Wednesday, June 1, 2011
...and another thing about the opening of ULYSSES
Because the setting of the first chapter of Joyce's Ulysses has become so familiar over the nine decades since its publication, we may have lost sight of just how incredibly disorienting the novel's opening pages are. Think back to your first reading of the book. If, like me, you attempted to read it 'cold,' without first dipping your toes into the tepid teawater of Joyce criticism, the first few pages must have left you entirely at sea (specifically, at the Irish Sea). This is because Joyce takes the principle of in medias res to heart and thrusts us into the midst of things we cannot possibly understand. Only late in the chapter will the attentive cold reader understand, by piecing together various clues, that the chapter takes place in and around the Martello Tower at Sandycove.

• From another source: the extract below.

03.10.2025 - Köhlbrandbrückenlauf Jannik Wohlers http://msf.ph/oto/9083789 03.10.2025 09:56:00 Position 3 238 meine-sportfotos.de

To appreciate the extremity of Joyce's Modernist difference, the shock of his new, just consider how a 19th-century novelist might have begun Ulysses: "On the morning of June 16, 1904, a stately but rather plump young man known to all as 'Buck' Mulligan paused atop the stairs of the Martello Tower at Sandycove, a sleepy coastal village south of Dublin." That's a perfectly respectable Victorian frock coat of a first sentence that does everything a perfectly respectable silk-hatted first sentence should. It's also a fine substitute for Sominex. Joyce's 'cold open' is, by contrast, considerably more disreputable, disorienting, defamiliarizing. It doesn't make me drowsy.